Development guide¶
This guide covers setting up a development environment, running the tools, and the project's code conventions.
Prerequisites¶
- Python 3.10 or newer
- uv — the recommended package manager (installs fast and manages Python versions)
- git
Clone and install¶
make dev runs uv sync --extra dev, which installs thaiphon in editable mode along with the development dependencies (pytest, ruff, mypy).
If you prefer plain pip:
Make targets¶
| Target | Command | Description |
|---|---|---|
make dev |
uv sync --extra dev |
Install with dev dependencies |
make test |
pytest -q |
Run the test suite |
make lint |
ruff check src/ tests/ |
Lint with ruff |
make typecheck |
mypy src/thaiphon |
Type-check with mypy |
make check |
test + lint + typecheck | All quality checks |
make format |
black + isort |
Auto-format code |
Running tests¶
# All tests, quiet output.
pytest -q
# All tests, verbose.
pytest -v
# A specific file.
pytest tests/test_api.py -v
# A specific test by keyword.
pytest -k "test_sara_am" -v
# A specific test class.
pytest tests/rules/ -v
Code style¶
thaiphon uses ruff for linting and black + isort for formatting.

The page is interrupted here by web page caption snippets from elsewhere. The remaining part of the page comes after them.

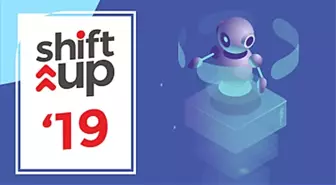 Shift Up'19 ile Girişimciliğin Kalbi İstanbul Üniversitesi'nde Atacak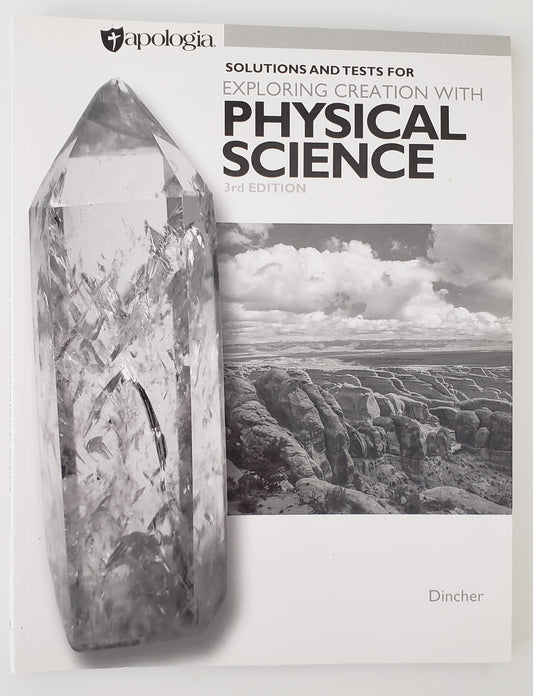 Exploring Creation with Physical Science 3rd Edition Solutions and Test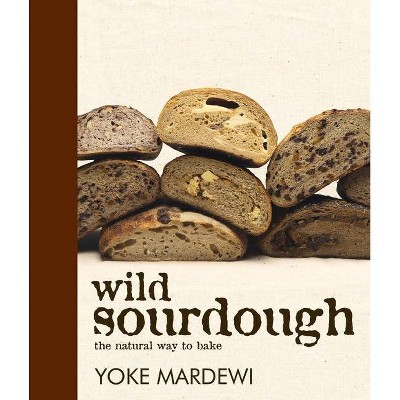Wild Sourdough - by  Yoke Mardewi (Paperback)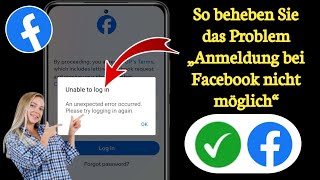 So beheben Sie das Problem „FacebookAnmeldung nicht möglich“  Problem „FacebookAnmeldung nicht [upl. by Vaclava]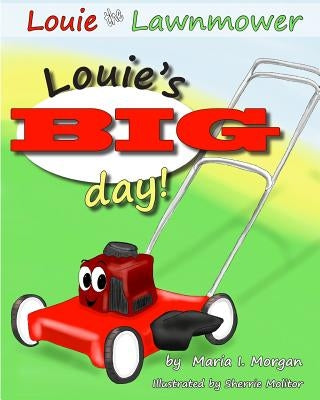 Louie's BIG day! by Molitor, Sherrie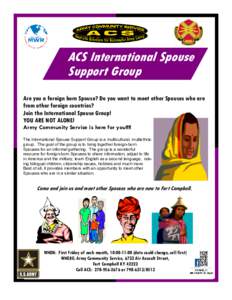 ACS International Spouse Support Group Are you a foreign born Spouse? Do you want to meet other Spouses who are from other foreign countries? Join the International Spouse Group! YOU ARE NOT ALONE!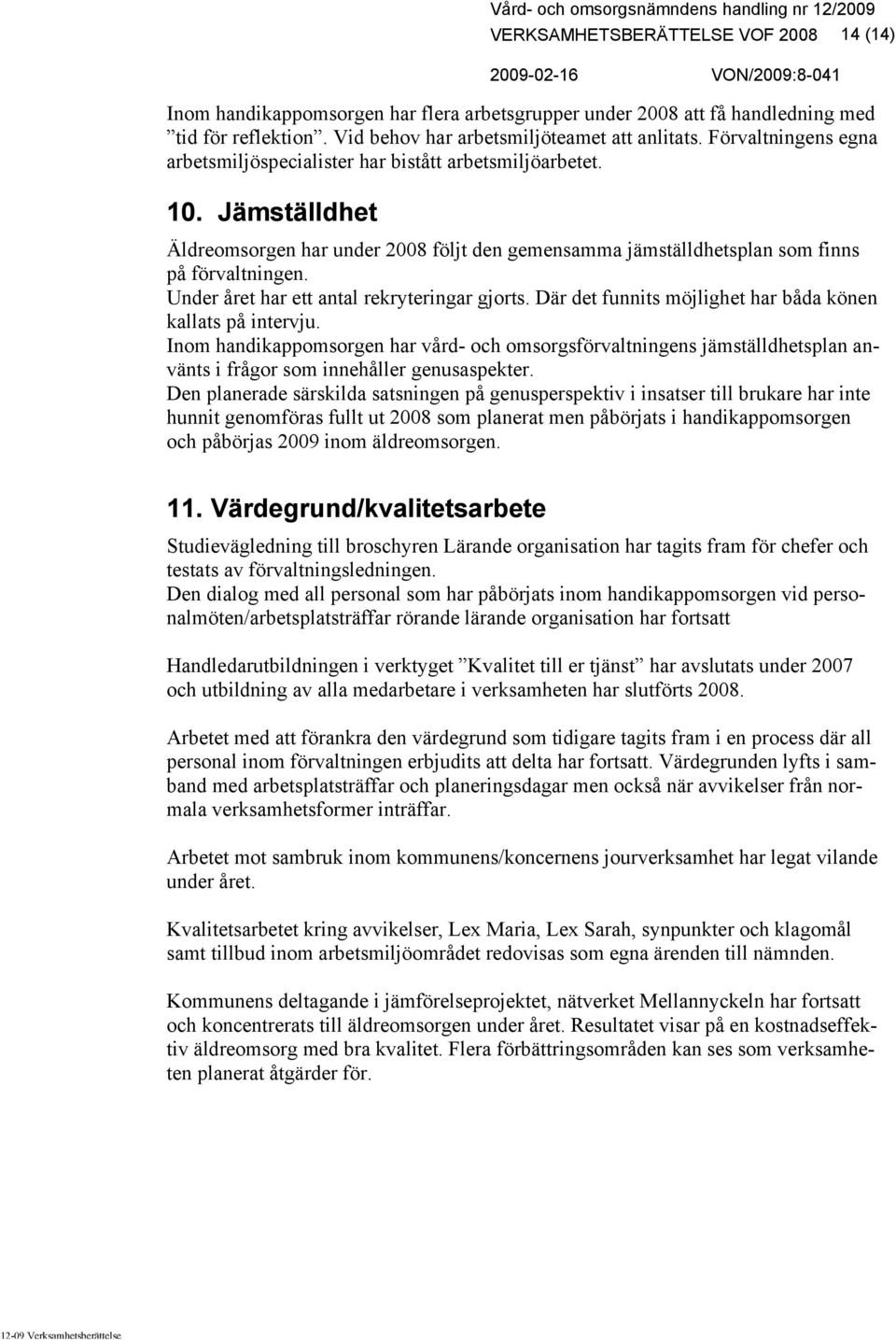 Under året har ett antal rekryteringar gjorts. Där det funnits möjlighet har båda könen kallats på intervju.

The configuration lives in pyproject.toml.
Key style conventions:
- Line length: 100 characters.
- Quotes: double quotes (black default).
- Imports: isort-style, with
from __future__ import annotationsat the top of every module. - Type annotations: full annotations on all public functions;
mypy --strictmust pass. - Docstrings: brief module-level docstrings; per-function docstrings for public API only.

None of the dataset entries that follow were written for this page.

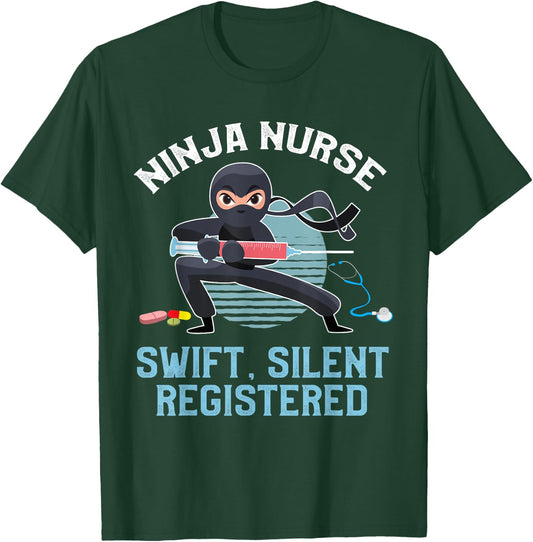 Funny Ninja Nurse Swift Silent Registered Nursing Frontliner T-Shirt - T-Shirt | Forest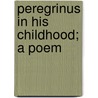 Peregrinus In His Childhood; A Poem by Unknown Author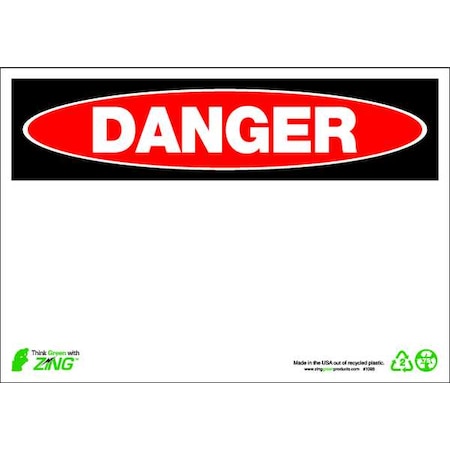 Zing Danger Sign, 10" W, 7" H, English, Plastic, White, Thickness: 0.065" 1088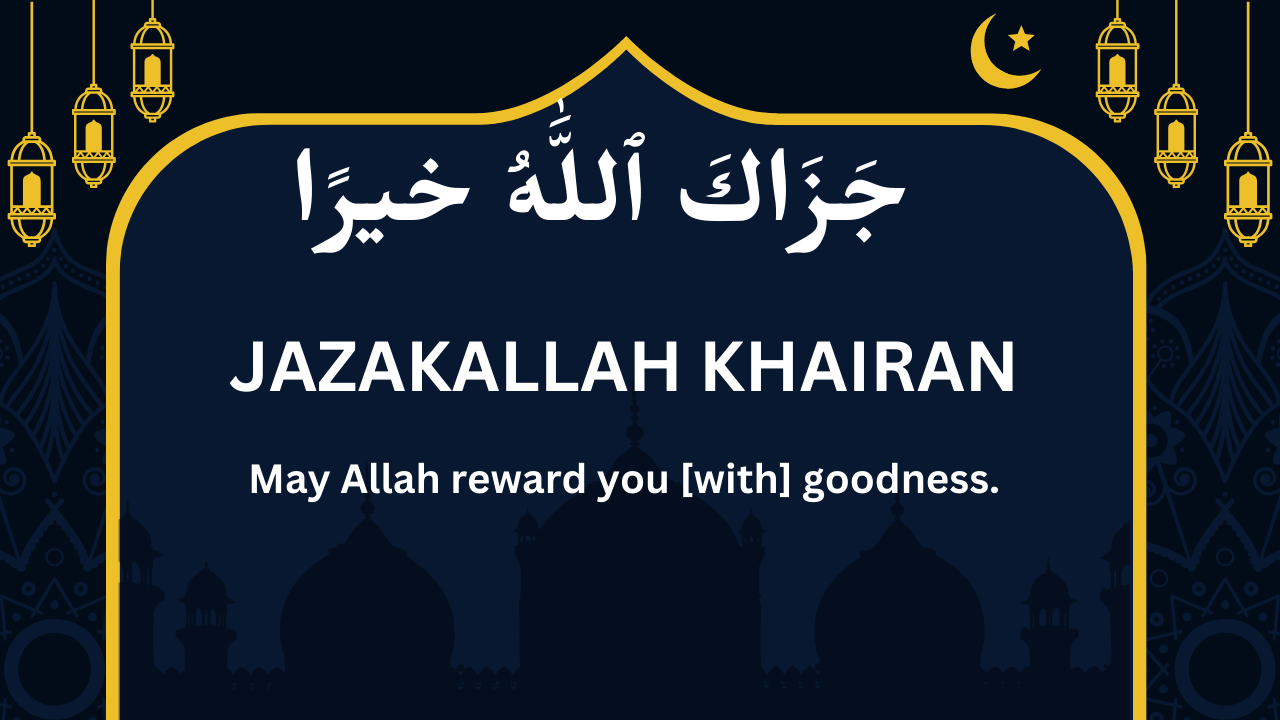 JazakAllah Khair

Run make format to auto-apply formatting, then make lint to check for remaining issues.
Type checking¶
mypy runs in strict mode (strict = true in pyproject.toml). All public API functions and data structures must be fully typed. Internal helper functions should be typed unless the typing is prohibitively complex.
Project layout¶
thaiphon/
├── src/
│ └── thaiphon/
│ ├── api.py # Public API entry points
│ ├── registry.py # Renderer registry
│ ├── errors.py # Exception hierarchy
│ ├── model/ # Frozen dataclasses + enums
│ ├── normalization/ # Unicode normalisation + expansion
│ ├── pipeline/ # PipelineRunner
│ ├── syllabification/ # Candidate generator + ranker
│ ├── tokenization/ # TCC tokenizer
│ ├── derivation/ # Phonological derivation steps
│ ├── tables/ # Static lookup tables
│ ├── lexicons/ # Lexicon dicts + frozensets
│ ├── renderers/ # Scheme implementations
│ └── segmentation/ # Word segmenter
├── tests/
│ ├── conftest.py # Shared fixtures
│ ├── fixtures/ # README on provenance policy
│ ├── rules/ # Internal phonological-rule tests
│ └── test_*.py # Public API + renderer tests
├── pyproject.toml
├── Makefile
└── README.md
Commit style¶
- Write commit messages in the imperative: "Fix tone for LC dead short syllable", not "Fixed" or "Fixing".
- The first line should be a clear summary under 72 characters.
- If the commit fixes a bug, mention the word or pattern affected.
- No AI attribution in commit messages.
Adding a new feature¶
- Write a test first (or alongside). Place it in
tests/for API-level behaviour, or intests/rules/for a new phonological-rule regression. - Implement the change in the appropriate subpackage.
- Run
make checkto ensure tests, linting, and type-checking all pass. - Open a pull request. See Pull requests.
Versioning¶
thaiphon follows semantic versioning. The version is in pyproject.toml and src/thaiphon/__init__.py. Both must be updated together. The current release is v0.2.0.